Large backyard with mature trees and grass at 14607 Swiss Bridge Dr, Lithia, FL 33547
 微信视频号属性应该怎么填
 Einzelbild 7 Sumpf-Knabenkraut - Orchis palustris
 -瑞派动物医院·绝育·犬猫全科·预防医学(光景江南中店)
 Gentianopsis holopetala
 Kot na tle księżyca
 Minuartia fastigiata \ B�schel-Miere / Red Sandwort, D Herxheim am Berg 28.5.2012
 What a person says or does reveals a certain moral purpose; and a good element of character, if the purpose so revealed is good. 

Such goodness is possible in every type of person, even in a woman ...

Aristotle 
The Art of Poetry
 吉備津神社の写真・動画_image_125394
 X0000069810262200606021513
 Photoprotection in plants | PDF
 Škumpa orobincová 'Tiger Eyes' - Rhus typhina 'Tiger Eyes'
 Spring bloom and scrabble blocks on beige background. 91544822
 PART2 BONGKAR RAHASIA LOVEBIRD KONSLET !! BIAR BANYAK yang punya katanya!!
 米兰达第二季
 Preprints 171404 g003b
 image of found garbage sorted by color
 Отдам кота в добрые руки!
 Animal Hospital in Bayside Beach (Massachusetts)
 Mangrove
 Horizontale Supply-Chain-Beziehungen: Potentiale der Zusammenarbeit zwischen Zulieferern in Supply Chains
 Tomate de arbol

+++++

■ **Work order**
Copy every line that includes the string "person" from the material above.

■ **Answer to this exercise**
 What a person says or does reveals a certain moral purpose; and a good element of character, if the purpose so revealed is good. 
Such goodness is possible in every type of person, even in a woman ...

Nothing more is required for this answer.